Switzerland’s third-largest listed bank is seeking to shift more customers over to the fixed fee pricing scheme introduced in 2015. This is known as a mandate model, which replaces the previous system that was based on the frequency of transactions undertaken for customers.
“We want to shift our customers worldwide over to mandate models,” Rickenbacher said. “Probably not 100 percent (of clients), but certainly above 80 percent. Even 90 percent would be very feasible in the future.” To date the share of customers in the new system has increased to around 50 percent.
Commission and fee income now contributes around 60 percent of the bank’s operating income.
At larger rivals such as UBS (UBSG.S) and Credit Suisse (CSGN.S) which have a higher proportion of ultra-wealthy clients, mandate penetration stands at roughly a third of wealth management business, according to the banks’ financial statements.

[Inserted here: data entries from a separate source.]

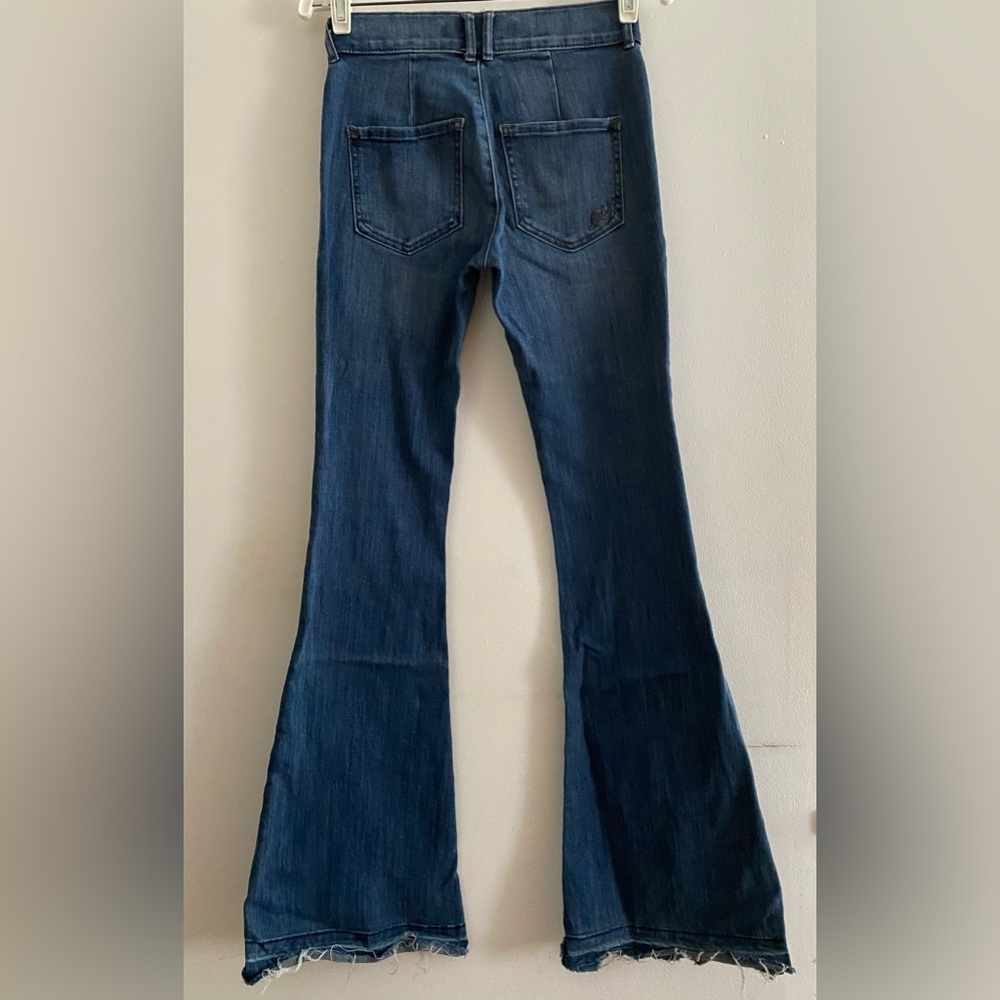 Express Bell Flare Mid Rise Jeans, size 0R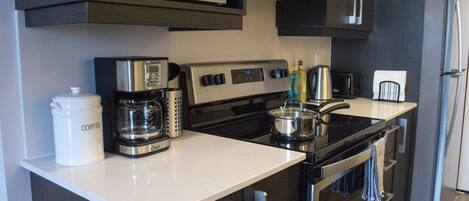 Réfrigérateur, micro-ondes, four, plaque de cuisson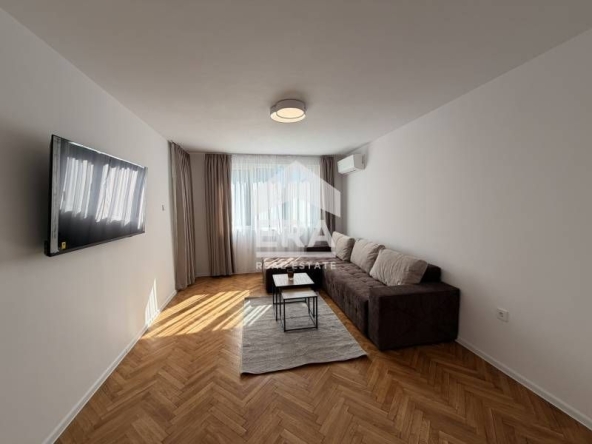 Четиристаен апартамент в Варна, Зимно кино Тракия - 88 кв.м за 1652 €/кв.м - Снимка #1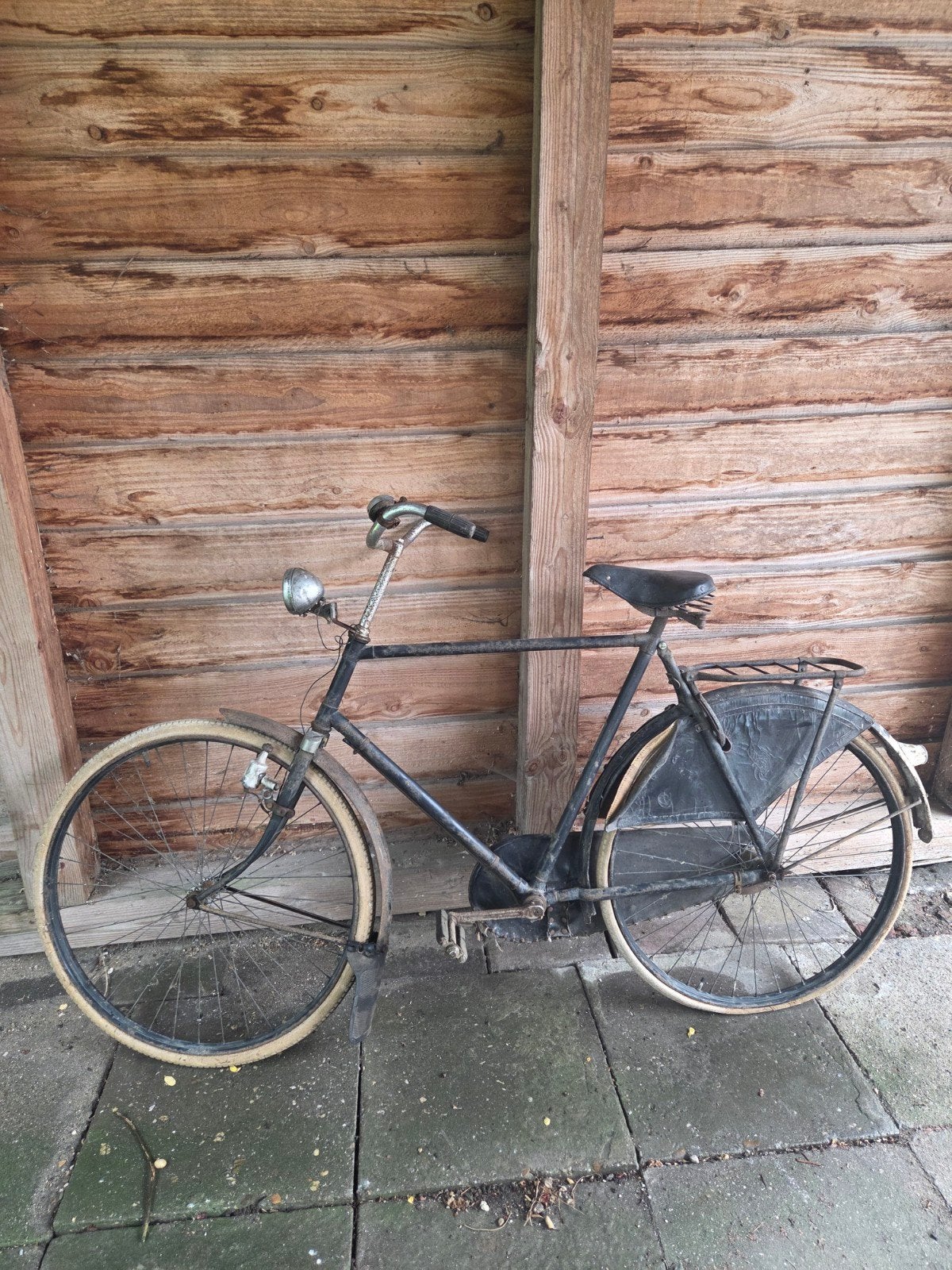 Fiets uit de jaren '50 vorige eeuw, Ophalen, Gebruikt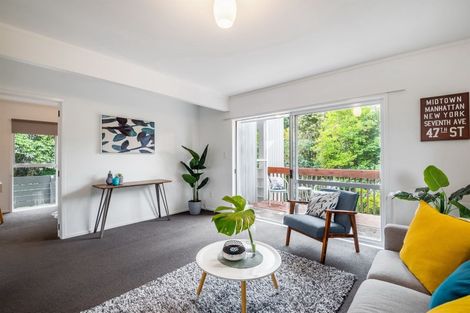 Photo of property in 1/17 Havenwood Place, Birkenhead, Auckland, 0626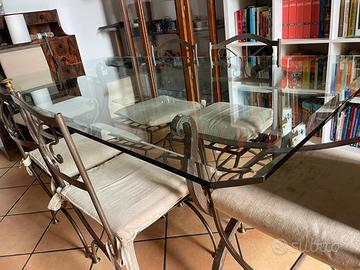 Tavolo in cristallo in ferro battuto e n. 6sedute
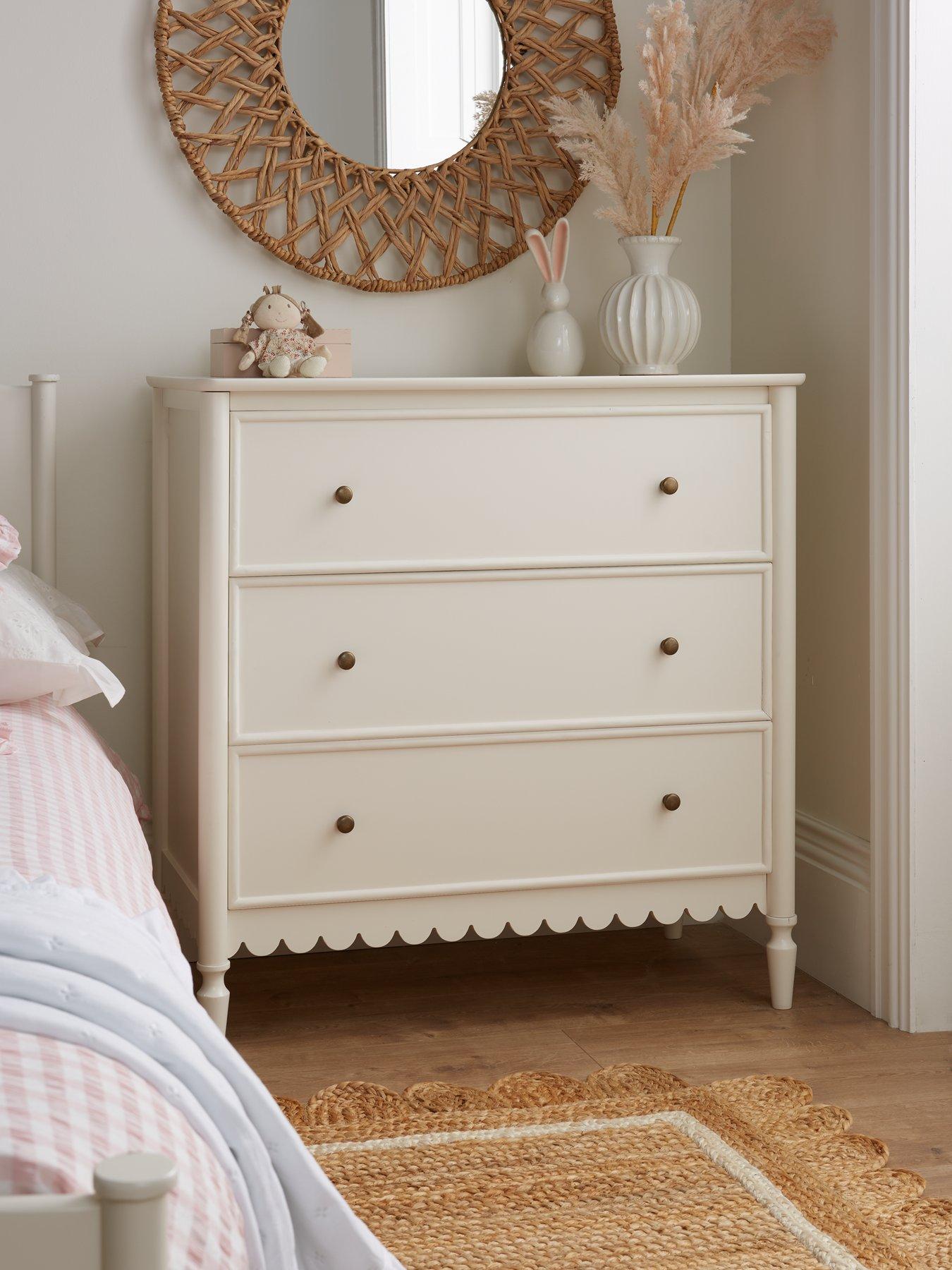 Image of Very Home Scallop 3 Drawer Chest - Cream - FSC Certified
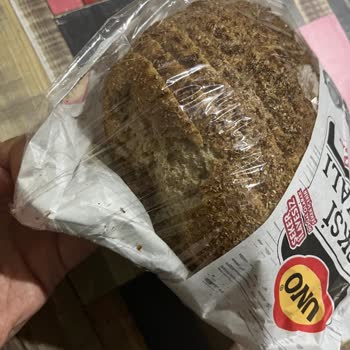 Paketli UNO Ekmekte Hijyen Sorunu Ve Yemeksepeti'nin İlgisizliği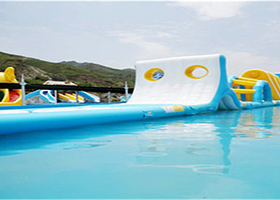 岚山根冲浪乐园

Thirty-four percent of Julius Baer’s clients have advisory mandates which provide the customer with the final say on whether to proceed or not with an investment.
A further 16 percent are signed on to discretionary mandates, in which they delegate final investment decisions to the bank, to be executed based on their general preferences.
Its remaining 50 percent of customers either operate largely independently, with the bank acting as executor of requested trades, or hold contracts predating the launch of Baer’s new mandates model in 2015.
The mandate structure, in which customers’ rights and obligations are clearly set out, has also eased implementation of new investor protection rules under MiFID II, Rickenbacher said.
“The contractual framework allows us to implement requirements under MiFID II in our advisory process and ensure we meet the obligations,” he said.